I am a social scientist interested in demographic changes, life history patterns, and their implications for kinship networks and social policies. Currently, I am a Research Scientist in the Research Group of Kinship Inequalities and in the Department of Digital and Computational Demography at the Max Planck Institute for Demographic Research (MPIDR).
Before that, I was a Postdoctoral Scholar in the Department of Demography at the University of California, Berkeley, working on the CenSoc database in the group of Joshua Goldstein.
I completed my Ph.D. in the Tuljapurkar Lab at Stanford University. My research interests lie broadly in analyzing the impacts and trends of demographic transitions, with an emphasis on the role of uncertainty in demographic rates. Specific topics include mortality inequality and its implications for the Social Security system, the variation in fertility patterns and in lifetime reproductive success, and the variability in the life histories of animals and plants and its effect on population resilience.

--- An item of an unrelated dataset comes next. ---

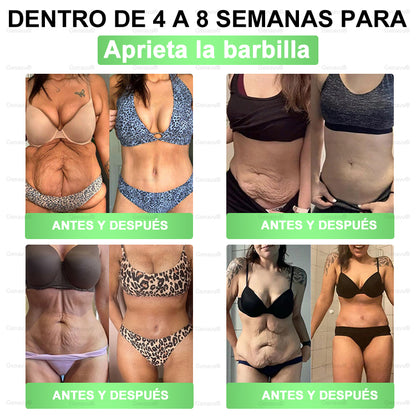 𝑶𝒇𝒇𝒊𝒄𝒊𝒂𝒍 𝑺𝒕𝒐𝒓𝒆 | 𝐃𝐑.𝐇𝐎𝐍𝐎𝐑® 𝗠𝗼𝗿𝗶𝗻𝗴𝗮 · 𝗕𝗲𝗿𝗯𝗲𝗿𝗶𝗻𝗲 × 𝗡𝗔𝗗+ 𝟏𝟎-𝐢𝐧-𝟏 𝐀𝐝𝐯𝐚𝐧𝐜𝐞𝐝 𝐍𝐚𝐧𝐨 𝐌𝐢𝐜𝐫𝐨𝐧𝐞𝐞𝐝𝐥𝐞 𝐏𝐚𝐭𝐜𝐡 (𝐉𝐮𝐬𝐭 𝐨𝐧𝐜𝐞 𝐚 𝐝𝐚𝐲, 𝐯𝐢𝐬𝐢𝐛𝐥𝐞 𝐜𝐡𝐚𝐧𝐠𝐞𝐬 𝐢𝐧 𝟕 𝐝𝐚𝐲𝐬）𝘽𝙚𝙧𝙗𝙚𝙧𝙞𝙣𝙚 + 𝙈𝙤𝙧𝙞𝙣𝙜𝙖 𝙁𝙤𝙧𝙢𝙪𝙡𝙖 ✅ 𝐅𝐨𝐫 𝐨𝐛𝐞𝐬𝐢𝐭𝐲, 𝗟𝗼𝗼𝘀𝗲 𝘀𝗸𝗶𝗻,𝐝𝐢𝐚𝐛𝐞𝐭𝐞𝐬, 𝐬𝐥𝐞𝐞𝐩 𝐚𝐩𝐧𝐞𝐚, 𝐣𝐨𝐢𝐧𝐭 𝐢𝐬𝐬𝐮𝐞𝐬, 𝐚𝐧𝐝 𝐦𝐨𝐫𝐞💯💯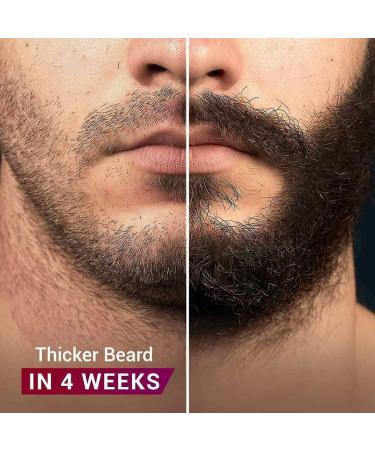 SODEN Advanced Beard Growth Oil - 2 x 30 ml | Stimulate Root & Follicle for Thicker Beards - Buy Online on GoSupps.com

Changes in human fertility and mortality affect the dynamics of kinship networks and are another important part of my research. In this work, I seek to shed light on the impact of demographic transition on familial relationships and social structures.
By developing a deeper understanding of the complex mechanisms underlying demographic transitions, I hope to identify strategies for improving individual and population outcomes in an uncertain world. For humans, these outcomes include the age of claiming a pension, or the fiscal stability of pension systems. For other species, these outcomes include the response of populations to changing climates.